On Mon, Mar 23, 2026 at 11:04 AM Lorenzo Stoakes (Oracle)
<[email protected]> wrote:
>
> On Sat, Mar 21, 2026 at 10:43:08PM -0700, Suren Baghdasaryan wrote:
> > Replace vma_start_write() with vma_start_write_killable() when
> > process_vma_walk_lock() is used with PGWALK_WRLOCK option.
> > Adjust its direct and indirect users to check for a possible error
> > and handle it. Ensure users handle EINTR correctly and do not ignore
> > it.
> >
> > Signed-off-by: Suren Baghdasaryan <[email protected]>
> > ---
> > fs/proc/task_mmu.c | 5 ++++-
> > mm/mempolicy.c | 1 +
> > mm/pagewalk.c | 20 ++++++++++++++------
> > 3 files changed, 19 insertions(+), 7 deletions(-)
> >
> > diff --git a/fs/proc/task_mmu.c b/fs/proc/task_mmu.c
> > index e091931d7ca1..2fe3d11aad03 100644
> > --- a/fs/proc/task_mmu.c
> > +++ b/fs/proc/task_mmu.c
> > @@ -1797,6 +1797,7 @@ static ssize_t clear_refs_write(struct file *file,
> > const char __user *buf,
> > struct clear_refs_private cp = {
> > .type = type,
> > };
> > + int err;
>
> Maybe better to make it a ssize_t given return type of function?
Ack.
>
> >
> > if (mmap_write_lock_killable(mm)) {
> > count = -EINTR;
> > @@ -1824,7 +1825,9 @@ static ssize_t clear_refs_write(struct file *file,
> > const char __user *buf,
> > 0, mm, 0, -1UL);
> > mmu_notifier_invalidate_range_start(&range);
> > }
> > - walk_page_range(mm, 0, -1, &clear_refs_walk_ops, &cp);
> > + err = walk_page_range(mm, 0, -1, &clear_refs_walk_ops, &cp);
> > + if (err)
> > + count = err;
>
> Hmm this is gross, but it's an established pattern here, ugh.
>
> Now we have an err though, could we update:
>
> if (mmap_write_lock_killable(mm)) {
> - count = -EINTR;
> + err = -EINTR;
> goto out_mm;
> }
>
> Then we can just do:
>
> + err = walk_page_range(mm, 0, -1, &clear_refs_walk_ops, &cp);
>
> And at the end do:
>
> return err ?: count;
>
> Which possibly _necessitates_ err being a ssize_t.

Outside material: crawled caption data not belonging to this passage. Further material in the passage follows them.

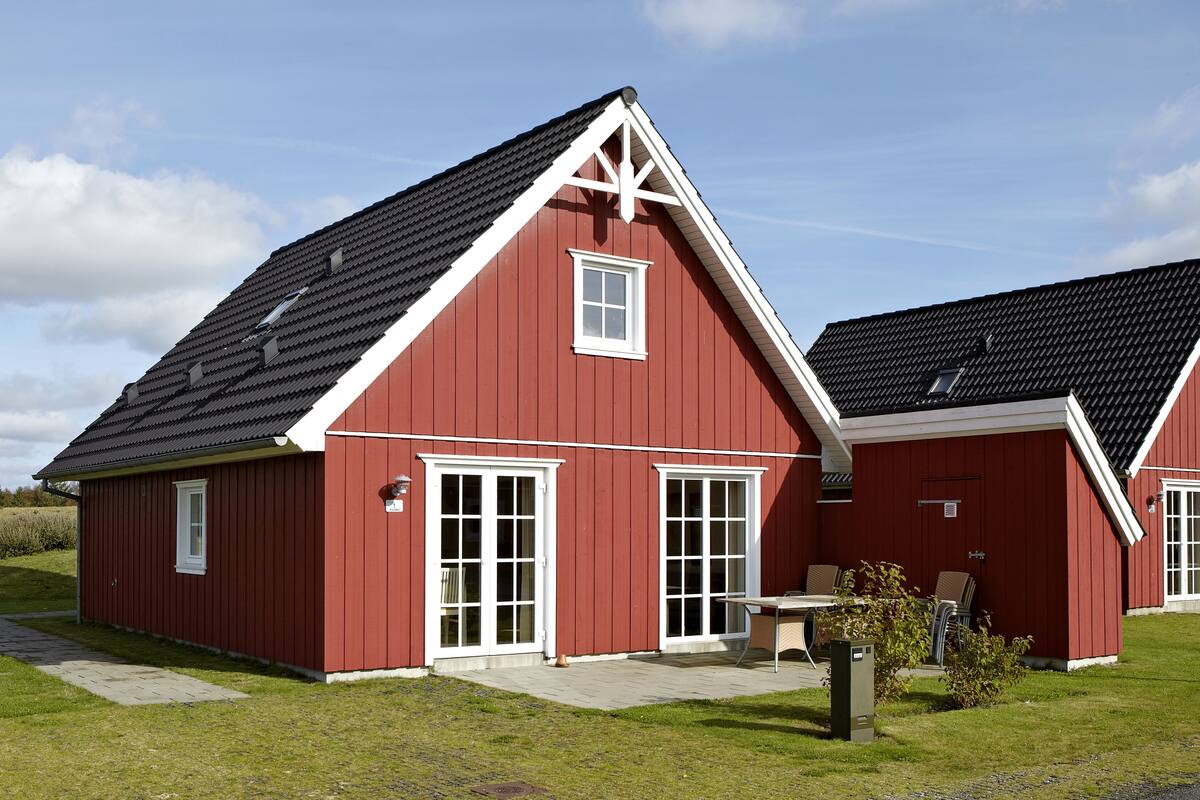 A red building with a sloped roof and white trim, featuring a large door and windows.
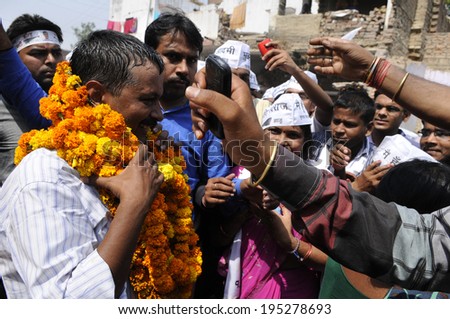 VARANASI - MAY  4 : Arvind kejriwal  being garlanded by his supporters during a political meeting on May 4 , 2014 in Varanasi , India.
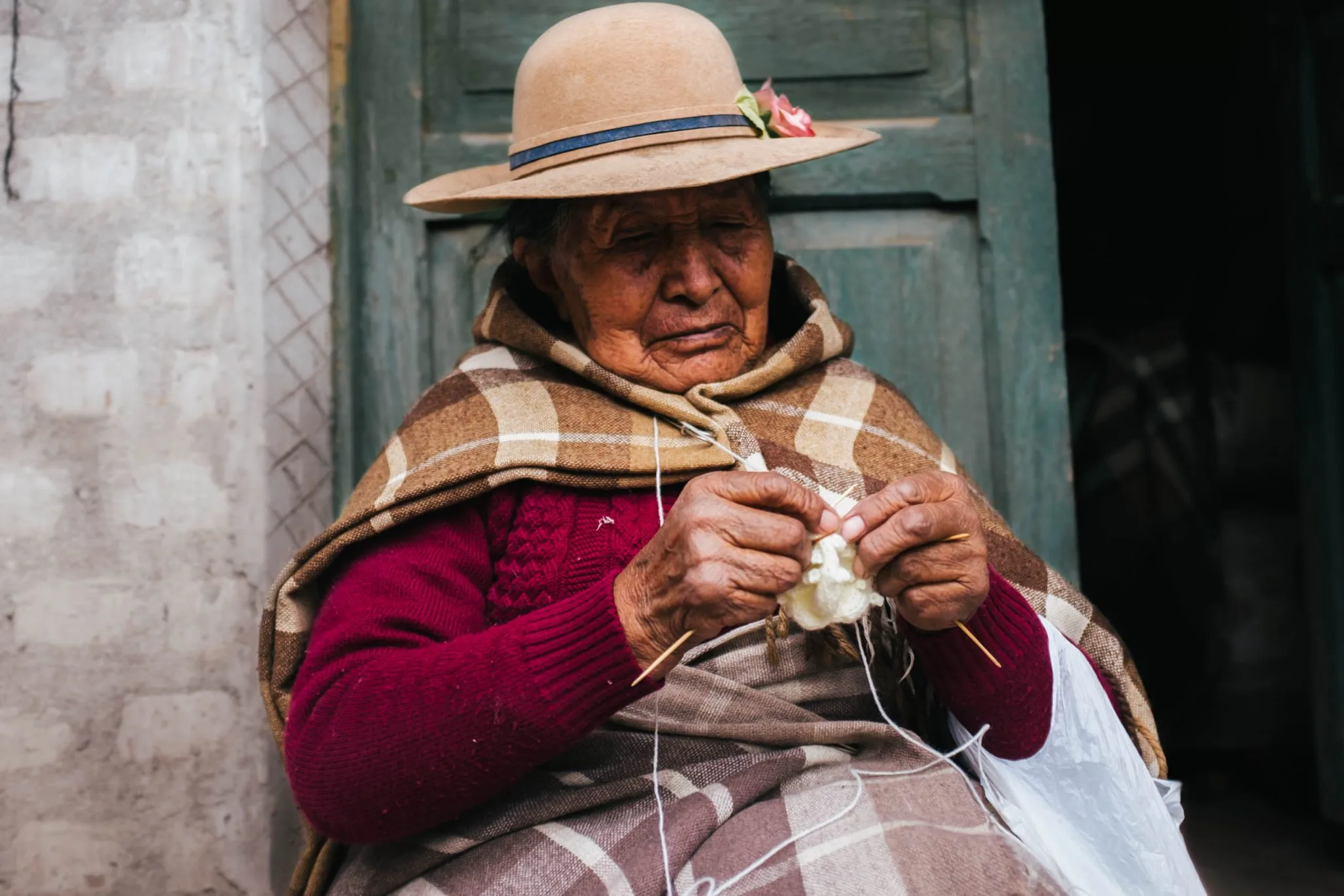 Mabel’s grandmother, in a wide-brimmed hat and a plaid shawl, knitting white yarn by a green doorway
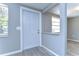 Bright entryway featuring new gray flooring, a six panel front door, and a window view to the outside at 5836 8Th St, Zephyrhills, FL 33542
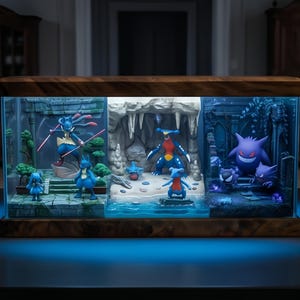 Puede incluir: Una vitrina decorativa e iluminada con tres escenas distintas de Pokémon. Las escenas incluyen un paisaje de piedra, una cueva y un entorno gótico, todo dentro de una caja de vidrio con marco de madera. La base emite un brillo azul.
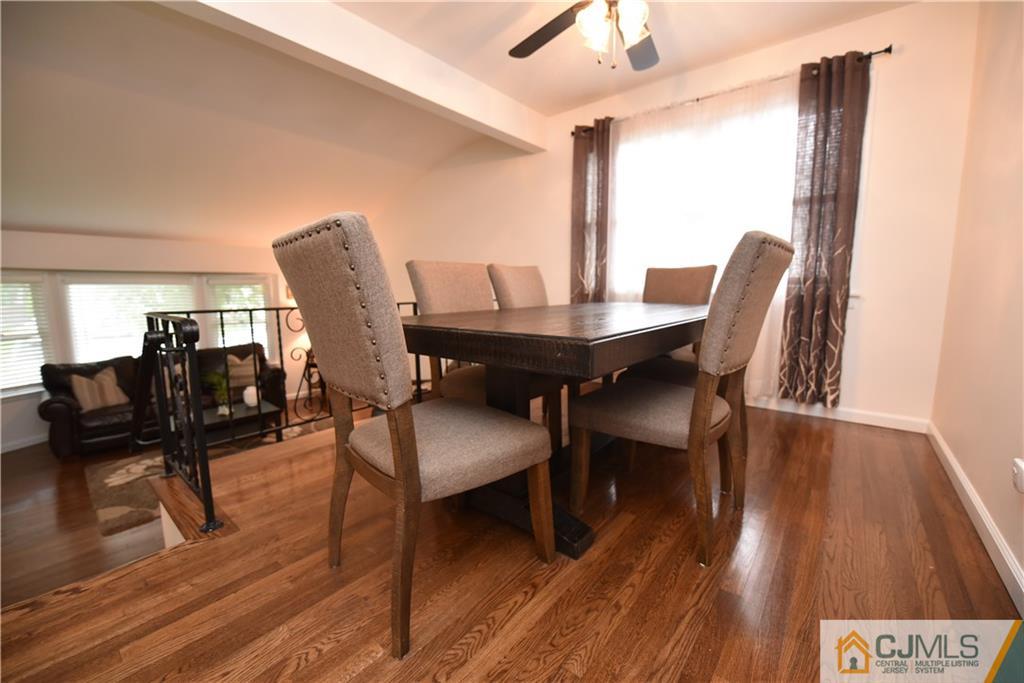 15 Dumas Road Old Bridge, NJ 08857 - Photo 6 of 15 a view of a dining room with furniture and wooden floor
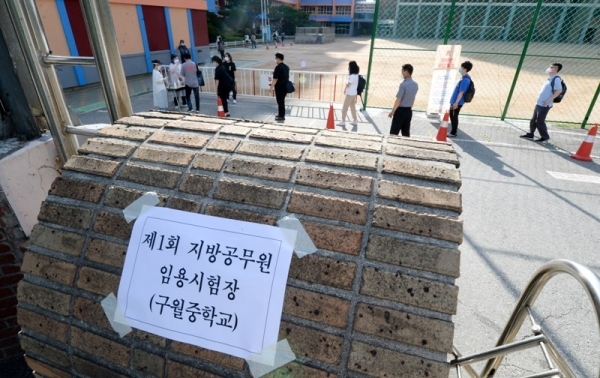 인천을 비롯한 전국에서 2020년 제1회 8·9급 지방직 공무원 공채 시험이 치러진 13일 오전 남동구 구월중학교 시험장에서 수험생들이 거리두기를 하며  1차 발열검사와 함께 손 소독을 하고 있다. 장용준기자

Sounds doable. Let me try that.
>
> > if (type == CLEAR_REFS_SOFT_DIRTY) {
> > mmu_notifier_invalidate_range_end(&range);
> > flush_tlb_mm(mm);
> > diff --git a/mm/mempolicy.c b/mm/mempolicy.c
> > index 929e843543cf..bb5b0e83ce0f 100644
> > --- a/mm/mempolicy.c
> > +++ b/mm/mempolicy.c
> > @@ -969,6 +969,7 @@ static const struct mm_walk_ops
> > queue_pages_lock_vma_walk_ops = {
> > * (a hugetlbfs page or a transparent huge page being counted as 1).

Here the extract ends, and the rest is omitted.